The film follows Jin Kazama (Jon Foo) in his attempts to rid himself of the devil which plagues his soul and confronting his father, Kazuya Mishima (Ian Anthony Dale) and his grandfather, Heihachi Mishima (Cary-Hiroyuki Tagawa).
In the year of 2039, after World Wars destroy much of civilization as we know it, the remaining territories are no longer run by governments, but by corporations; the mightiest of which is the Mishima Zaibatsu. In order to keep the masses down, Mishima sponsors the King of Iron Fist Tournament, or Tekken, in which fighters battle until one is left standing, who in turn will receive a lifetime of stardom and wealth. We are introduced to this violent world through the eyes of Jin Kazama who enters the tournament in order to avenge the death of his mother that he blames upon the Mishima Zaibatsu’s most powerful and controlling chairman – Heihachi Mishima. He knows that the only way to get close enough to Mishima to kill him is to win the tournament, but in doing so, he begins to uncover his own past and inner demons as well as exposing a dark underbelly to Tekken that threatens the very existence of humanity.
Although most video games (especially those based on fighting games) are usually dreadful, there are some positives about this adaptation of Tekken: it has retained its R-rating; the amazingly talented Cyril Raffaelli (District 13, District 13: Ultimatum) was the fight choreographer; some amazing martial artists are included within the cast such as John Foo in the lead role of Jin Kazama, Cung Le as Marshall Law, Gary Daniels as Bryan Fury, and Lateef Crowder as Eddy Gordo; some good casting decisions were also made in the form of Luke Goss (Blade II) as Steve Fox, Cary-Hiroyuki Tagawa (Mortal Kombat) as Heihachi Mishima, and Nathan Jones (Fearless) as Craig Marduk (who the character was actually modeled after for the video games).
However, it should be noted that there are also reasons aplenty for fans of the series to be worried about this film. It has been directed by Dwight H. Little, who although is a prolific TV director, has a feature film resume that is not particularly impressive with efforts such as the Brandon Lee movie Rapid Fire and Halloween 4: The Return of Michael Myers, both of which were also written by Tekken’s scriptwriter Alan B. McElroy. To make matters even worse, McElroy is responsible for writting two of the worst action films ever made in The Marine and Ballistic: Ecks vs.
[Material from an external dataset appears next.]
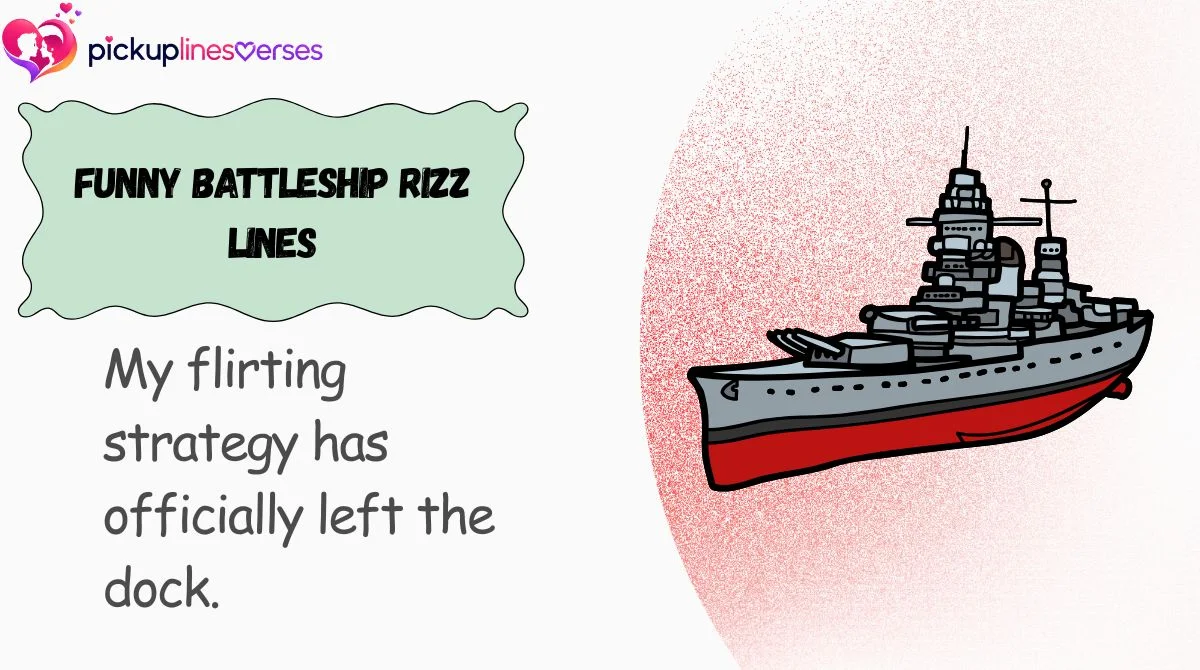 Funny Battleship Rizz Lines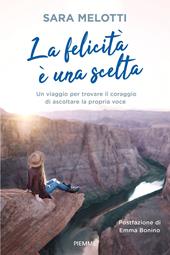 La felicità è una scelta. Un viaggio per trovare il coraggio di ascoltare la propria voce - Sara Melotti - Libro Piemme 2021, Saggi PM | Libraccio.it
Sever.
Tekken is due to be released on March 6 2010 in Japan, is set for a straight-to-DVD/Blu-ray release on April 5 in the UK, but is currently not set for any type of release in the USA. That in itself is a very bad sign that the film could be as terrible as Street Fighter: The Legend of Chun-Li, which by the looks of things may not be the worst film based on a fighting game to be made once The King of Fighters movie is released.